Die Nacht der vier Morde

Es war dunkel und kühl. Jason McRoverty unterdrückte ein Gähnen. Er ging über den Parkplatz auf seinen Wagen zu.

Es war spät. McRoverty war mal wieder der Letzte, der das Labor verließ. Aber ihm gehörte die Firma schließlich und der Tag hätte für ihn gerne die doppelte Anzahl von Stunden haben können. Er erreichte den Wagen. Im Schein der Beleuchtung sah er etwas, das im ersten Moment wie ein Schatten auf seiner Motorhaube aussah.

»Oh nein, nicht schon wieder«, entfuhr es ihm, nachdem er näher herangetreten war und sah, worum es sich wirklich handelte. Jemand hatte mit schwarzer Farbe MÖRDER!!!!! mit fünf Ausrufungszeichen auf den metallicfarbenen Lack gesprüht.

McRoverty setzte sich auf den Fahrersitz, legte den Aktenkoffer auf den Beifahrersitz und atmete erst einmal tief durch.
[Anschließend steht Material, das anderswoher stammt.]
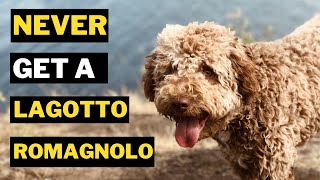 5 Reasons Why You Should Never Get a Lagotto Romagnolo Dog [upl. by Marb187]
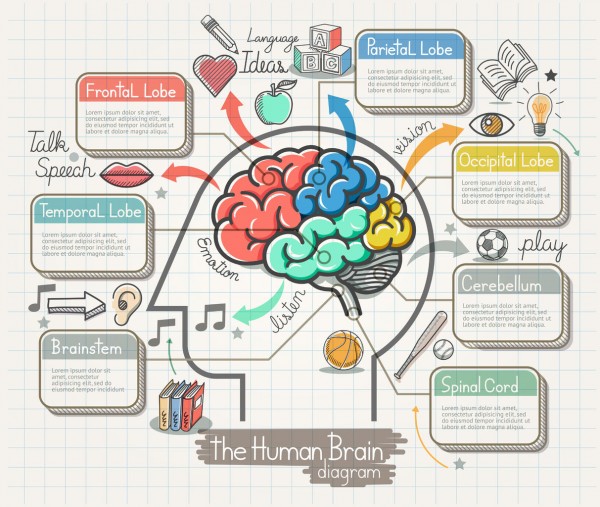 50958313 - the human brain diagram doodles icons set. illustration.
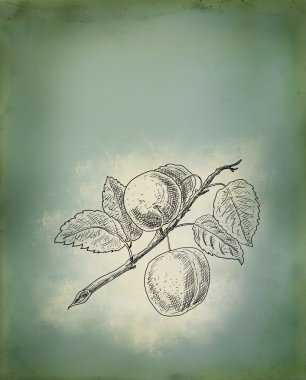 Plum illustration clipart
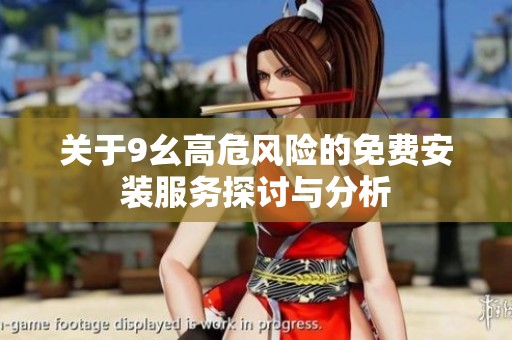 关于9幺高危风险的免费安装服务探讨与分析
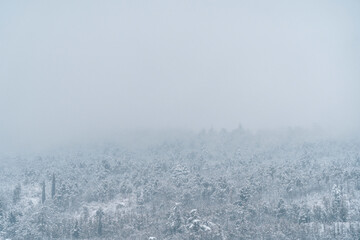 Fog Shrouds a Snowy Winter Forest Landscape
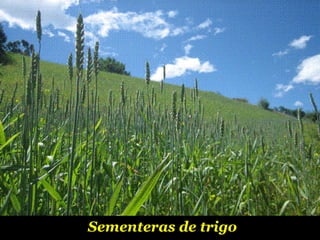 Sementeras de trigo 
 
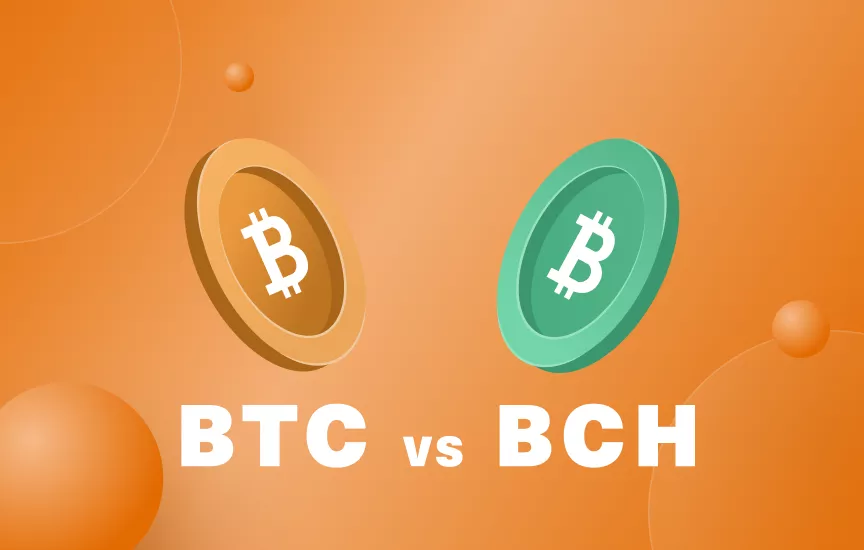 What Is Bitcoin Cash? There’s More Than One Bitcoin | Gemini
Das hat mir zu all dem Stress heute noch gefehlt, ging es ihm durch den Kopf. Es war nicht das erste Mal, dass jemand seinen Wagen beschmierte. Immer »Mörder« mit fünf Ausrufungszeichen. Die könnten sich auch mal etwas Neues ausdenken, diese selbsternannten Weltverbesserer, dachte er. McRoverty betrieb ein Pharma-Labor. Nach einer steilen Karriere in Forschung und Industrie hatte sich der Pharmakologe selbstständig gemacht, und seine Firma MPR – McRoverty Pharma Research Ltd. – war eine gefragte Adresse. Er konnte sich vor Aufträgen kaum retten. Zweihundert Angestellte arbeiteten inzwischen für McRoverty.

Daran, dass nicht jedem gefiel, was in den Labors von MPR geschah, hatte er sich gewöhnt. Manchen war das Wohlergehen von Laborratten und Versuchsaffen eben wichtiger als der medizinische Fortschritt, der vielleicht unzählige Menschen von schwerwiegenden Leiden heilen oder deren Entstehung schon im Vorhinein verhindern konnte.
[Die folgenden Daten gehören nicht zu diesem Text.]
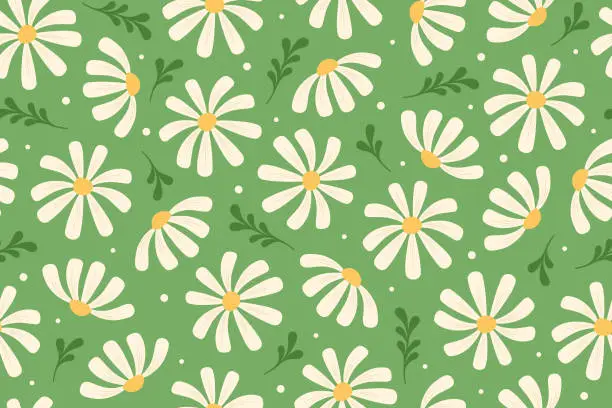 Vector illustration of Chamomile flowers seamless pattern. Floral background, wrapping paper, wallpaper.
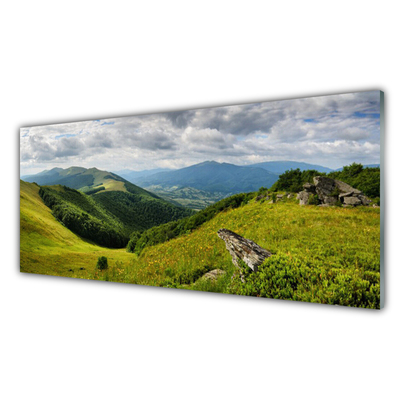 Üvegkép Mountain Meadow Landscape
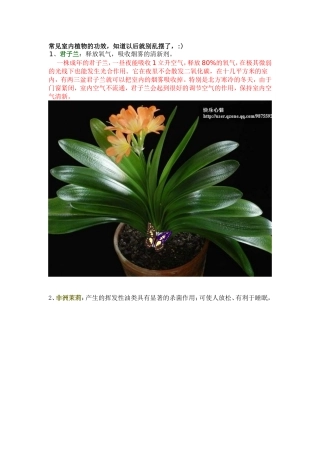 常见室内植物的功效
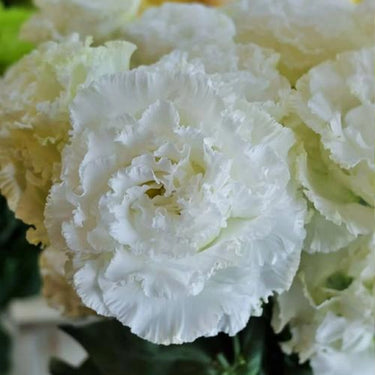 Lisianthus Seeds-Voyage 2 White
McRoverty hatte für diese radikalen Tierschützer kein Verständnis. Erst vor ein paar Wochen hatten die seine Handynummer herausgefunden und ihm das Smartphone mit unfreundlichen Nachrichten überschwemmt, bis der Speicher überlief.

Aber schlimmer waren die Lackschäden an seinem Wagen. Dreimal hatte er das MÖRDER!!!!! mit den fünf Ausrufungszeichen schon entfernen lassen müssen. Finanziell war das eine Kleinigkeit. Er hatte mehr Geld, als er im Rest seines Lebens ausgeben konnte. Aber McRoverty war ein sparsamer Mann.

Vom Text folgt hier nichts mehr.